デジタルデトックスが目的の趣味は、スマホなどから意識を外せたこと自体に価値があり、うまくできたかどうかは重要ではありません。「少し気分が変わった」「頭が休まった」と感じることができれば十分です。
30分以内で終われるものから始める
準備や片付けも含めて時間や手間がかかりすぎる趣味は、気持ちに余裕がないと続けるのが難しくなります。はじめは、30分以内で完結できるものを選びましょう。
短時間で区切れる趣味であれば、平日の夜やすきま時間にも取り入れやすく、負担に感じにくいはずです。「少しだけやる」というやり方ができると、デジタルデトックスを習慣にしやすくなります。
続かなかったらやめてもいい前提で選ぶ
趣味が続かなかったことで落ち込んでしまうと、デジタルデトックスの目的から離れてしまいます。趣味は「合わなければやめていい」というスタンスで取り入れることが大切です。一度やめても、別の趣味に切り替えたり、気が向いたときに再開したりしても問題ありません。
まずは「好きなときにやる」前提で選ぶことで、気持ちに余裕が生まれ、趣味との付き合い方も楽になります。
FAQ|趣味で始めるデジタルデトックスを無理なく楽しむポイント
Q:デジタルデトックスのために、スマホを解約したり電源を切ったりする必要はある?
A:いいえ、完全に断つ必要はありません。デジタルデトックスの本質は、我慢することではなく、”意識の向き先を変えること”です。無理に遠ざけるのではなく、趣味などの「デジタル以外を楽しむ時間」を増やすことが、結果的にデジタルデトックスにつながります。

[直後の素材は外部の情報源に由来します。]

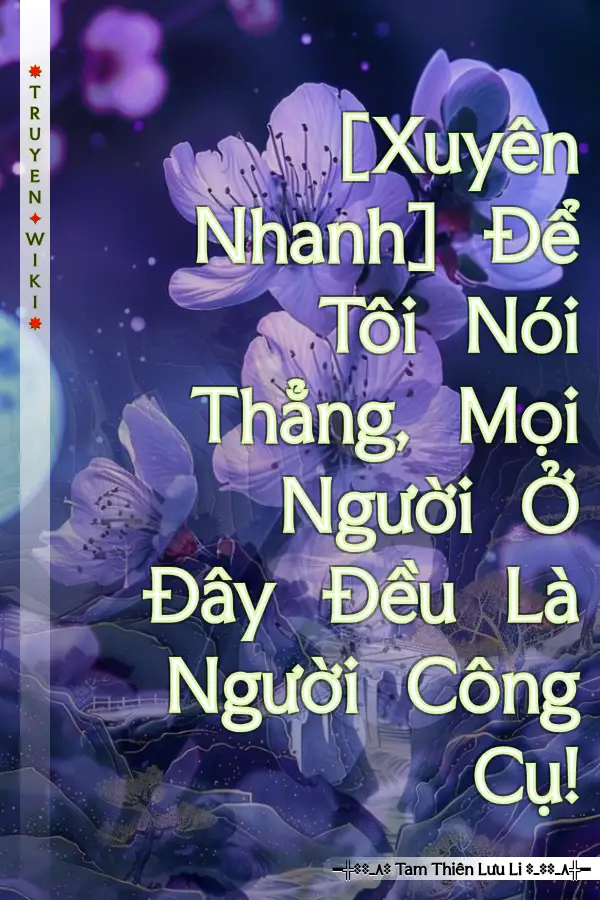[Xuyên Nhanh] Để Tôi Nói Thẳng, Mọi Người Ở Đây Đều Là Người Công Cụ!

Q:趣味に使えるまとまった時間を取るのが難しい…。それでも効果はあるの?
A:はい、10〜30分程度の短時間でも十分に効果があります。まずは、軽い散歩や部屋の片付けなど、スマホから離れて何かに集中する時間を作ることが大切です。少しでもスマホから離れる時間があれば、脳の疲れがリセットされ、気分を切り替えやすくなります。
Q:デジタルデトックスに向いている趣味は何?
A:「五感を使うもの」や「手先を動かすもの」がおすすめです。
・散歩
・読書(紙の本)
・料理
読書を趣味にする場合は、なるべく紙の本を選ぶようにしましょう。スマホやタブレットで見ていると、通知に意識が逸れたりしやすいため、デジタルデトックスを目的にする読書にはあまり向いていません…。紙の本にすることで、紙の質感やめくる動作に集中でき、ブルーライトによる視覚的な疲れも抑えられます。
Q:趣味を始めたけどあまり楽しくない…。すぐに飽きてしまったときはどうしたらいい?

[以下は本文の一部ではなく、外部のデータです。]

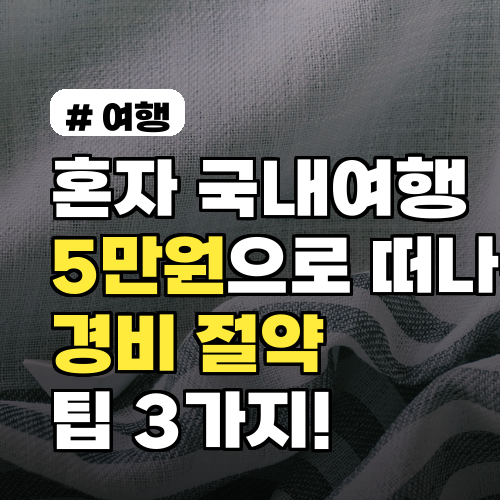 혼자 국내여행 5만원 경비 절약 팁 3가지 완벽 정리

A:デジタルデトックスのための趣味は、上達や継続がゴールではないため、すぐにやめてしまっても問題ありません。「合わない」と気づけたことを一つの収穫と捉え、別の興味があることに軽く触れるなど、気分に合わせた気楽な付き合い方を優先するのがポイントです。
まとめ|デジタルデトックスは「やめる」より「向け先を変える」
デジタルデトックスは、スマホやSNSを我慢して遠ざけることではなく、意識の向き先を変えることが目的です。

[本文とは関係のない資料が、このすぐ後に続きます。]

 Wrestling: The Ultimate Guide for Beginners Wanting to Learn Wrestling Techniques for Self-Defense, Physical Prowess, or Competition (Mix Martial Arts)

・デジタルデトックスは「完全にやめる」ことが目的ではない
・趣味は意識を自然に切り替えるための手段
・短時間でも気分転換につながることが大切
・合わない趣味は無理に続けなくていい
大切なのは、今の自分のデジタル疲れに合った方法を選ぶことです。「やめる」ことに力を使わず、楽しめる時間を増やし、無理のないデジタルデトックスにつなげていきましょう。